Monday, April 21, 2008

more music-y not-so-goodness

played in church again yesterday. in spite of the fact that i've been down as playing on that date for about a month, i finally got the names of the songs on wednesday after a spate of emails going 'are you available to play the piano?'... just the names of the songs mind, and for four of the nine the books the music's in. except we've only got one of the two books listed. so the person in charge says she'll send me the rest of the music. by post...

i get a large envelope on friday containing five songs, including one of the two i already had, and a note saying 'sorry, i haven't got the music for the other two.' and she couldn't have told me this by email on wednesday when she promised to send the music? or on thursday when she got ready to send the music, noticed there were some missing, wrote a note about it and posted it to me? a little time bomb to brighten up my friday...
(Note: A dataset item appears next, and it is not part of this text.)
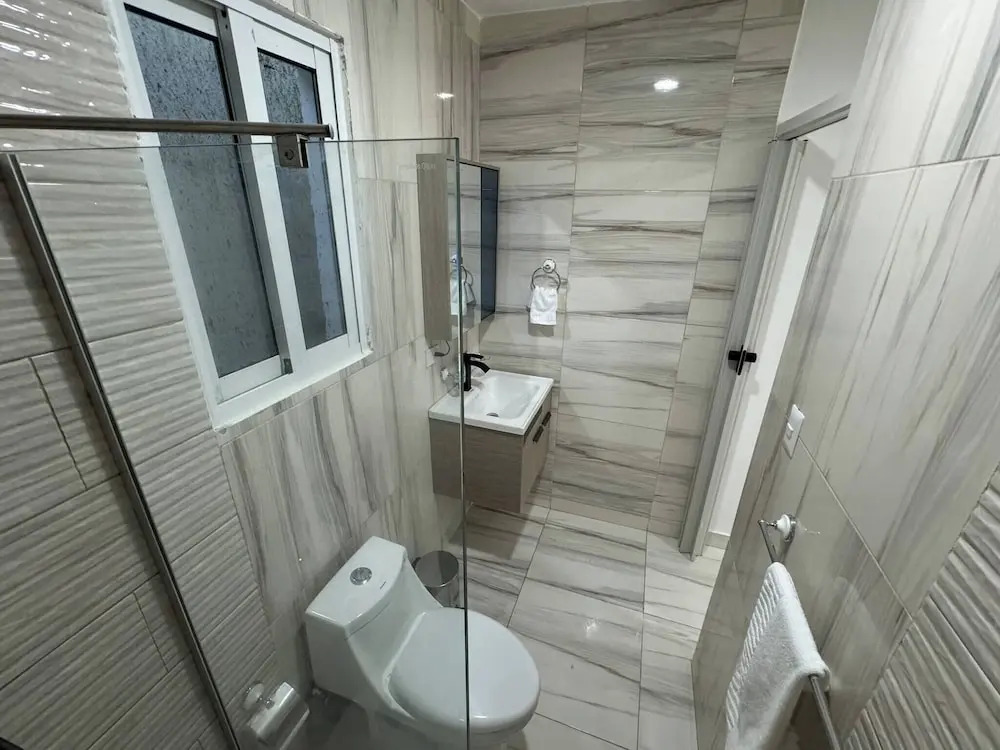 Condo Neuf 1 Chambre Sosua Près de Tout 306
and what about the third missing song that she's just decided not to mention at all?!

i start stomping around, swearing about how i'm never playing with these people again... how come nobody ever understands that I NEED THE EFFING MUSIC IN ADVANCE IT MAY BE A COMPLETELY ALIEN CONCEPT TO YOU BUT I LIKE TO EFFING PRACTICE AND IF I DON'T HAVE THE BLOODY MUSIC UNTIL FRIDAY NIGHT I END UP DOING MY WRISTS IN! and i loose the will to ever play the piano again except for my own enjoyment when nobody else is around...

anyway, i phone the pastor's wife ruth in a panic, assuming that since she's the one who chose the songs, she's probably got some kind of music for them. luckily she also happens to be my brother's girlfriend's mum. so i had the full set of music when i got up saturday morning (or midday, whatever). finally! of course the songs i got last were the hardest to play, how could it have been any other way...

ruth didn't have the music for the last missing song. eventually i managed to calm myself down (i was fine on the phone to ruth, maybe a little frazzled, but since the whole music debacle wasn't her fault there was no reason to be angry at her and i'm pretty sure i was perfectly polite) and had a look through some of the books and found the song. luckily ruth had sung it to me over the phone, so i knew it was the right one. thing is, people are running out of good song titles, so sometimes you find you've learnt the wrong 'holy, holy' (seriously, there are about three songs in ONE BOOK that have that title!)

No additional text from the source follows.